Nach fünfeinhalb Jahren Krieg hat das Regime Aleppo eingenommen und kontrolliert damit wieder die größten Städte Syriens. Die Macht von Präsident Assad scheint gesichert – allen Gräueltaten zum Trotz.

Von Steffen Gassel

Aleppo

Assad-treue Kämpfer feiern die Rückeroberung Ost-Aleppos von den Rebellen, während tausende Bewohner versuchen, die zerstörte Stadt zu verlassen

Syriens Präsident war siegesgewiss. Und er wollte, dass seine Feinde davon erfuhren. Darum ließ Baschar al-Assad vor wenigen Wochen eine ganze Gruppe amerikanischer und britischer Journalisten mit Visa ausstatten und sie in seinen Palast auf einem Hügel über Damaskus bringen. "Ich bin der Typ aus den Schlagzeilen – der schlechte Präsident, dieser böse Kerl, der die guten Kerle umbringt. Sie kennen diese Story", erklärte er den Zuhörern aus dem Westen sichtlich vergnügt. "Der wahre Grund ist, dass man versucht, meine Regierung zu stürzen. Diese Regierung entspricht nicht den Kriterien der Vereinigten Staaten."
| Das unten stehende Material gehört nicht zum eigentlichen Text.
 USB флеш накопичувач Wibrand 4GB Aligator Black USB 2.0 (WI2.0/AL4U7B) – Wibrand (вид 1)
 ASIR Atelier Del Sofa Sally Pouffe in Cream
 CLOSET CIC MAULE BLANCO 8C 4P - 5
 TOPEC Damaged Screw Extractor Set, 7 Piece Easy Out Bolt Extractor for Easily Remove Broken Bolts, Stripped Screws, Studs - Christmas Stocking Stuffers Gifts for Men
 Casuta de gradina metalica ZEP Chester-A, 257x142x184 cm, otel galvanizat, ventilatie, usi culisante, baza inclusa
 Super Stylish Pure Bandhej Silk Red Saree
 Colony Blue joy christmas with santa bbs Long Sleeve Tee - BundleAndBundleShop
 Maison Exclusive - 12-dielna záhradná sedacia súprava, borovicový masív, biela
Dass dieser Versuch gescheitert sei, habe er vielen syrischen Bürgern zu verdanken, die ihn die vergangenen fünfeinhalb Kriegsjahre hindurch unterstützt hätten. Was übrigens nicht so sehr an seiner Politik oder der Ideologie der herrschenden Baath-Partei gelegen habe. Sondern daran: "Sie haben den Staat zu schätzen gelernt."

Der Krieg in Syrien wird weitergehen

Während der Präsident das sagte, bereiteten seine Helfer eine Abschiedsnachricht an 250.000 Bürger vor, die seit mehr als drei Jahren eine gänzlich andere Erfahrung mit dem Staat gemacht haben. "Verlasst schleunigst diese Gegend, oder Ihr werdet ausgelöscht", stand auf den Flugblättern, die Syriens Armee in den vergangenen Wochen über dem Osten Aleppos abwarf. "Die Welt hat Euch aufgegeben. Niemand rettet Euch vor dem Verderben."

Diese Woche war es dann so weit: Assads Truppen haben mit Unterstützung russischer Spezialeinheiten und vom Iran trainierte und bewaffnete Schiitenmilizen in einer gnadenlosen Offensive Ost-Aleppo von den Rebellen endgültig zurückerobert. Und schon jetzt scheint klar, dass dies als eine entscheidende Zäsur in die Geschichte des syrischen Bürgerkriegs eingehen wird. Der Zusammenbruch des Widerstands in Syriens einst größter Stadt ist eine Niederlage, von der sich die Opposition kaum wird erholen können.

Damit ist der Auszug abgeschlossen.